La mayoría de los madrileños, o sus padres o abuelos, son de fuera, pero ahora resulta que fuera no se les quiere. Bueno, se les quiere y no se les quiere, algo así como que se querría que estuvieran, pero sin estar. Cosas del Covid-19, ese enemigo invisible que el miedo visibiliza en los núcleos de gran densidad de población, particularmente en Madrid, el denso núcleo que más irradia. Sobre todo, en verano.
La capital irradia de todo con la fuerza centrífuga de sus teatros, de sus empresas, de sus museos, de sus sedes ejecutivas, legislativas y judiciales, de sus casi cuatro millones de almas pululantes, y de cuanto ha acaparado, con Barcelona, de la vitalidad que debiera andar repartida por toda España, pero lo que más irradia en julio y agosto son veraneantes. De eso viven muchos pueblos y ciudades, y precisamente de eso mismo es de lo que temen morir si con los euros se cuelan los virus.
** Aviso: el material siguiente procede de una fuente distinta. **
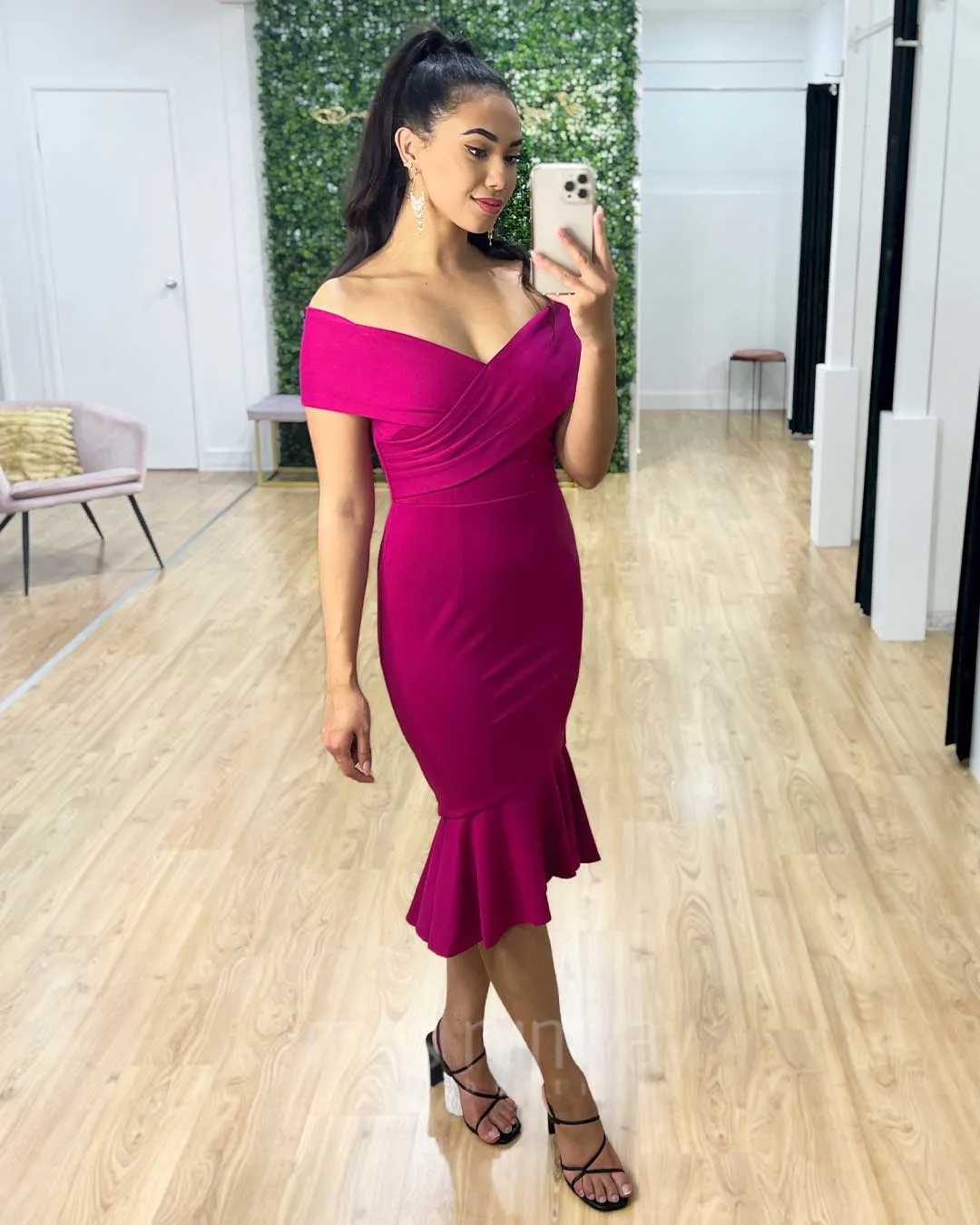 Brienne Midi Dress - Fuchsia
Nada desazona tanto como lo que se necesita, de modo que hay que comprender que en éstos meses de epidemia soterrada se haya desatado la “madrileñofobia” en los lugares de destino de los veraneantes del foro. Se comprende el miedo, que es el material de que están hechas todas las fobias, pero no así su fundamento racional, pues el maldito virus circula por todas partes, y al propio Madrid tuvo que llegar de algún sitio. Y puestos a comprender, un esfuerzo más para empatizar con el desasosiego de cuantos machihembran la fobia y la filia en el mismo sentimiento, esto es, la madrileñofobia y la madrileñofilia. Que vengan, pero sin venir.
La cuestión se agrava con la circunstancia de que los madrileños, que han padecido más que nadie el cautiverio en su ciudad cerrada, que han sentido el hálito de la muerte en las grandes avenidas desiertas y en el genocidio de sus ancianos, van a sustituir como turistas a los extranjeros que van a venir a cuenta gotas. Es como si ese pluriempleo vacacional de hacer de turistas y de veraneantes les estigmatizara con la sospecha de una doble potencialidad de contagio.
Ahora no tanto como hace unas décadas, pero buena parte de los madrileños son de fuera, y es natural que al clásico furor vacacional y a la necesidad de estampida tras el confinamiento, añadan en éstos tiempos oscuros la querencia de los orígenes. Sean bienvenidos.